WHAT NEEDS TO BE DONE
Leaving pictures out, repeat word for word the line that has "Totu Waterlane Island Apartment *" and each line that follows it to the end of the listing.

EXERCISE MATERIAL
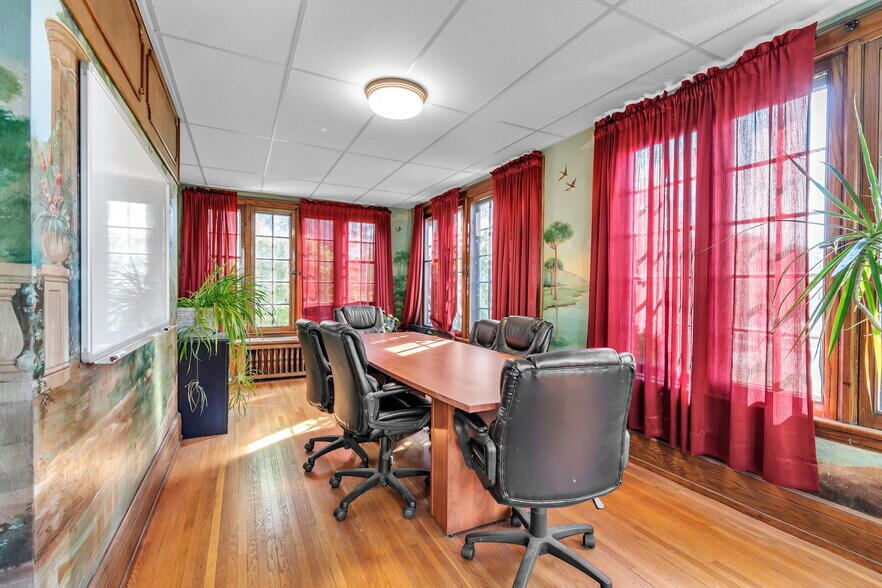 More Photos Of 2740 Main St, Buffalo Office Residential For Sale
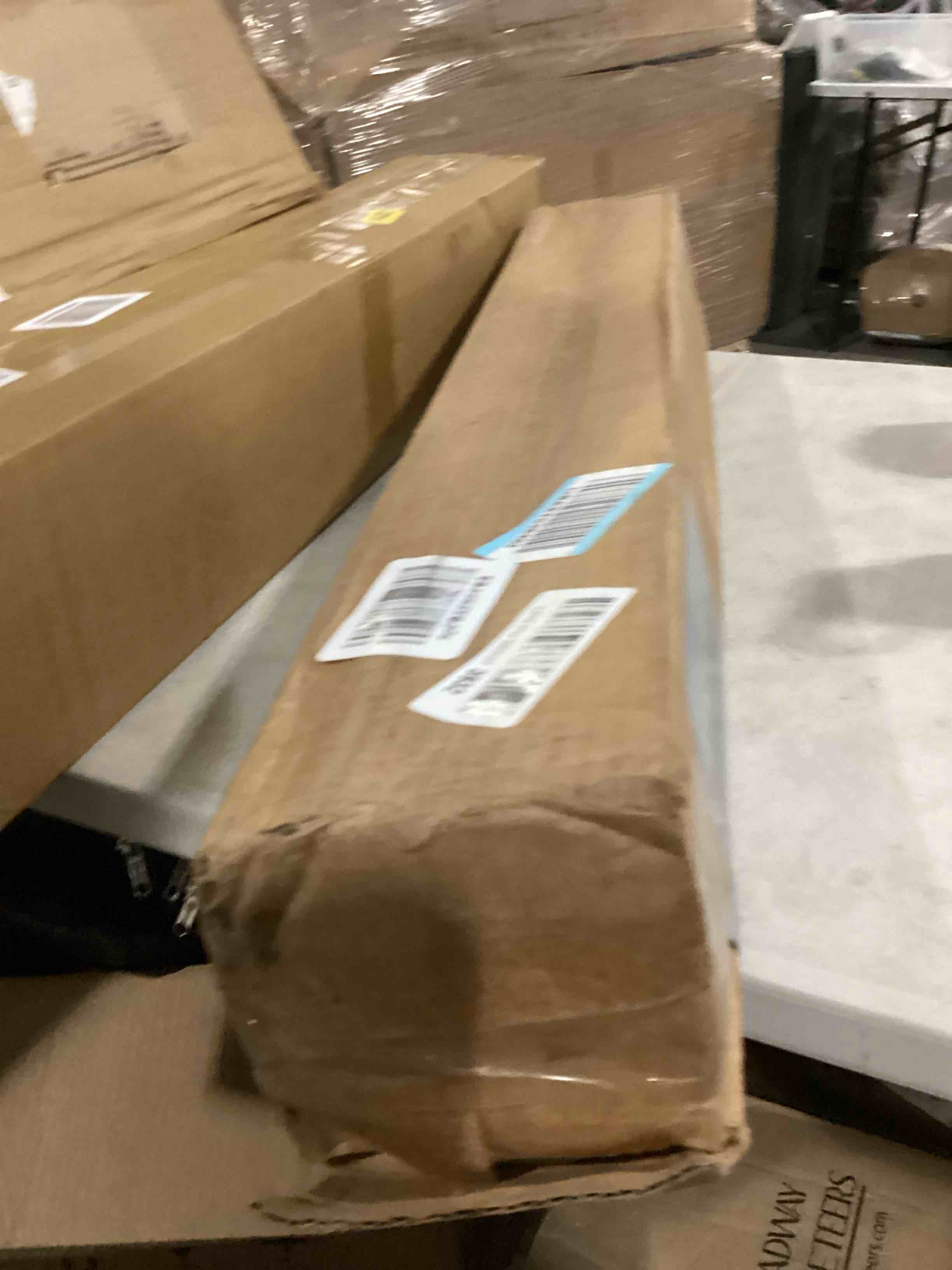 https://s3.amazonaws.com/lotting-images-prod/bidfta/ORG6697141_1727182013475.jpeg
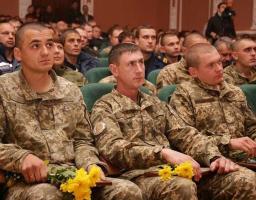 12 жовтня 2017 року на сцені Луганського обласного академічного українського музично-драматичного театру відбулись урочистості з нагоди Дня захисника України!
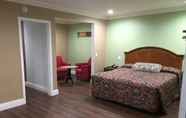 Bedroom 7 American Inn & Suites LAX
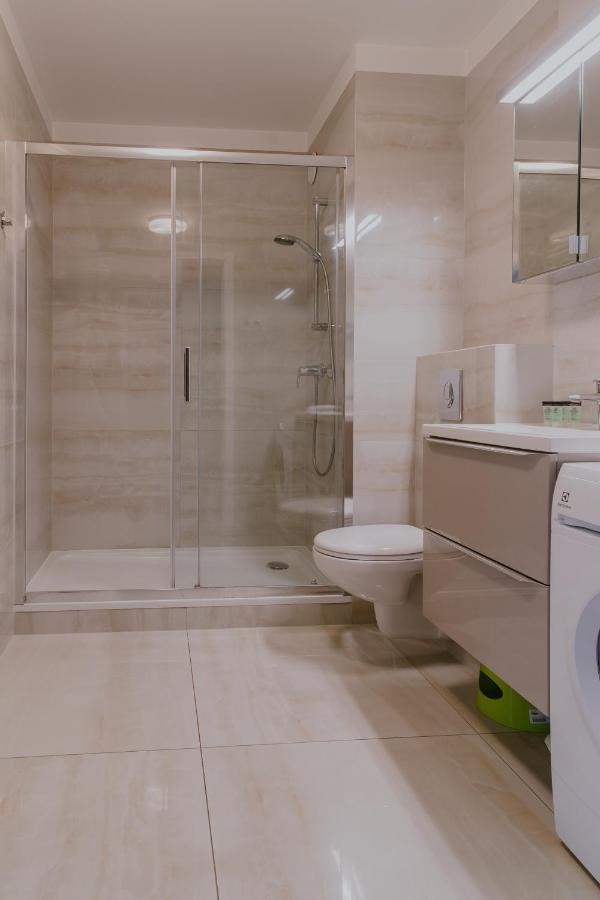 Totu Waterlane Island Apartment *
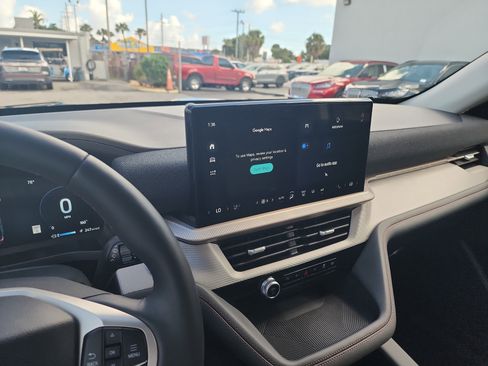 New 2025 Ford Explorer Active w/ Active Comfort Package image 38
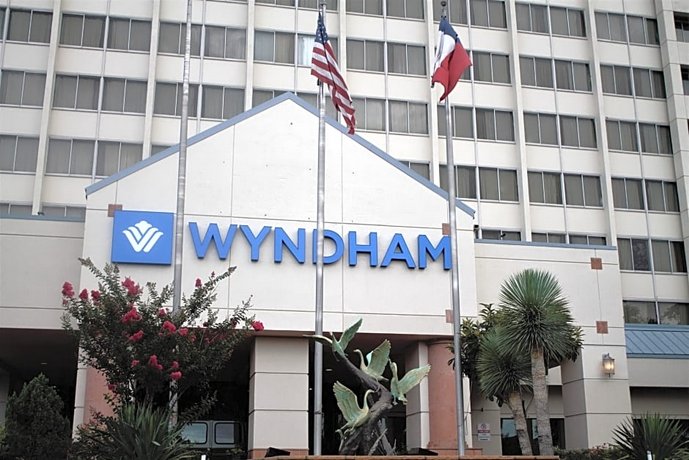 Wyndham Houston Nrg / Medical Center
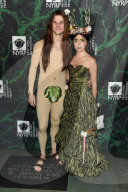 PEOPLE - Promis feiern bei der Bette Midler Hulaween Party in New York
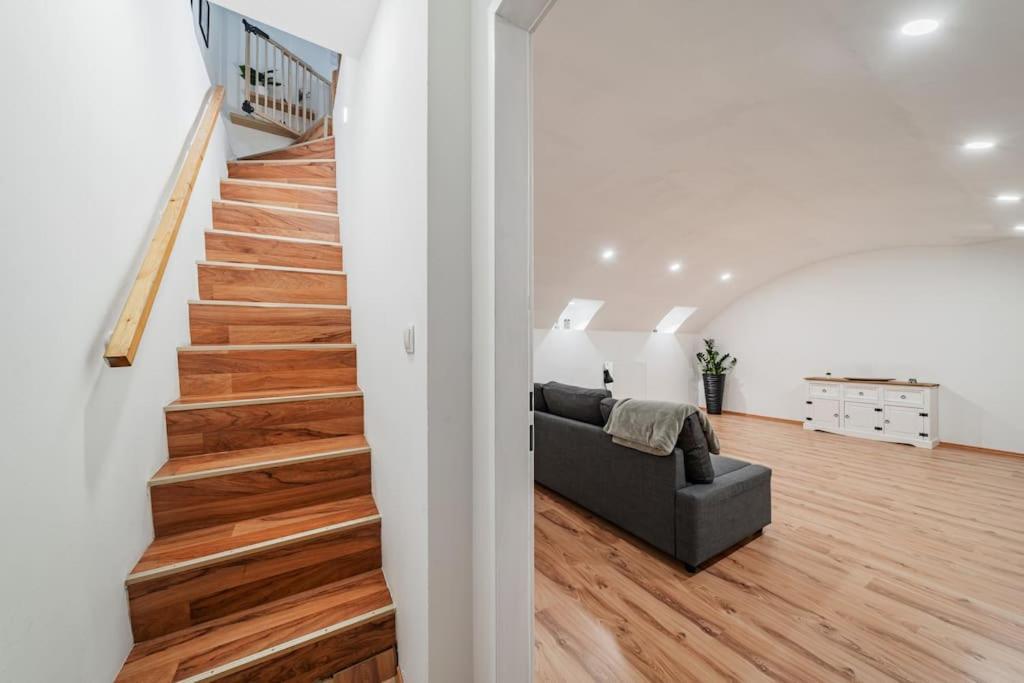 117 M² Near Nussdorferstrasse Apartamento Viena Exterior foto
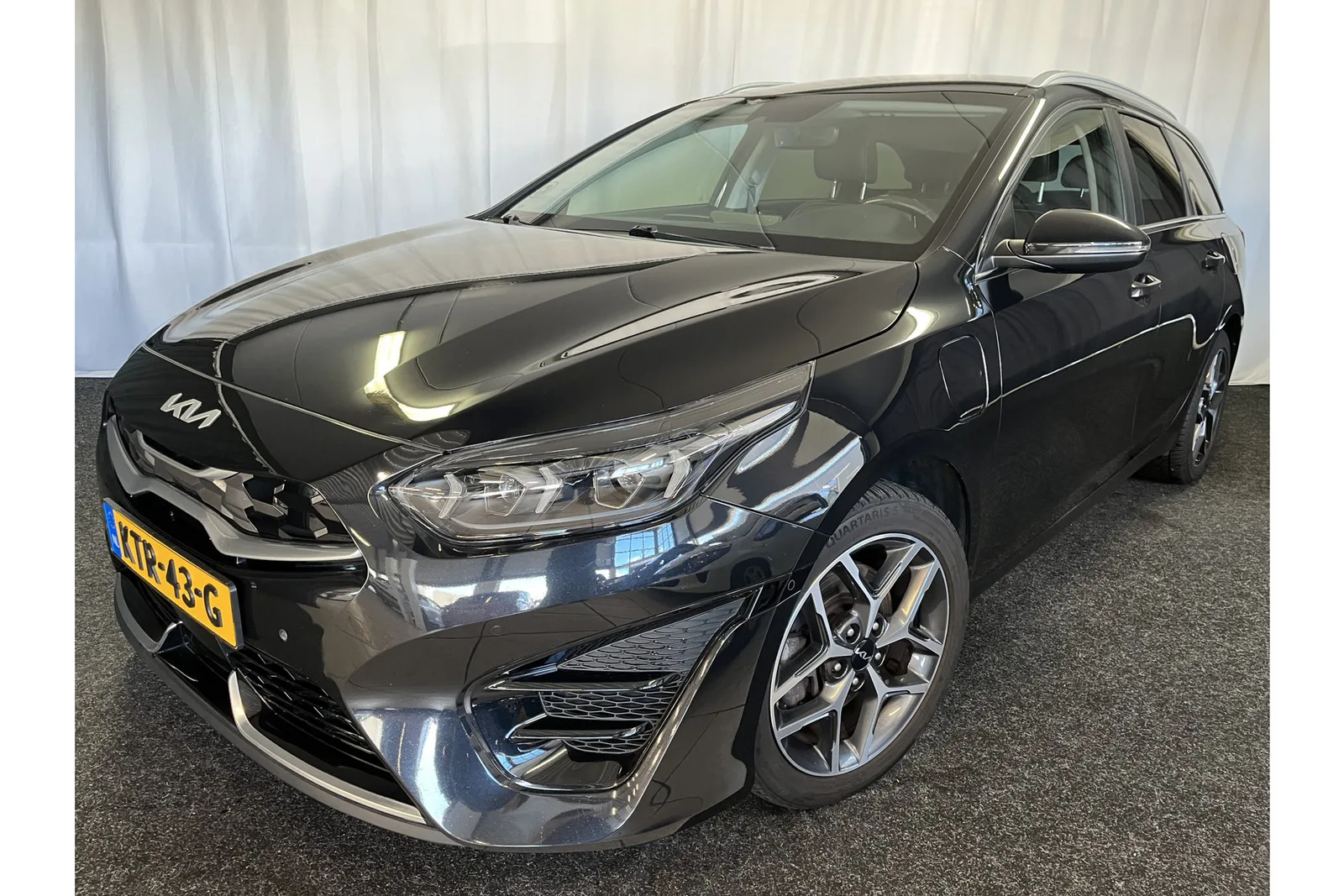 Kia Ceed Sportswagon (2023) — foto 1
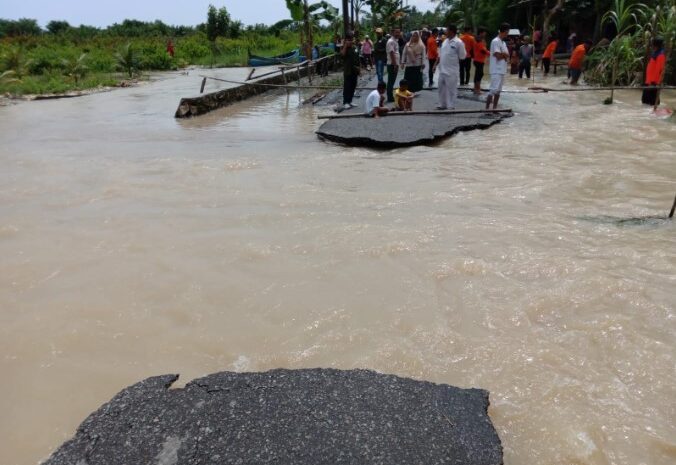 41 Rumah Terendam Banjir, Jalan Penghubung Desa Lalang – Nenassiam Putus Sepanjang 7 Meter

SOLVED PROBLEM
 Totu Waterlane Island Apartment *
 New 2025 Ford Explorer Active w/ Active Comfort Package image 38
 Wyndham Houston Nrg / Medical Center
 PEOPLE - Promis feiern bei der Bette Midler Hulaween Party in New York
 117 M² Near Nussdorferstrasse Apartamento Viena Exterior foto
 Kia Ceed Sportswagon (2023) — foto 1
 41 Rumah Terendam Banjir, Jalan Penghubung Desa Lalang – Nenassiam Putus Sepanjang 7 Meter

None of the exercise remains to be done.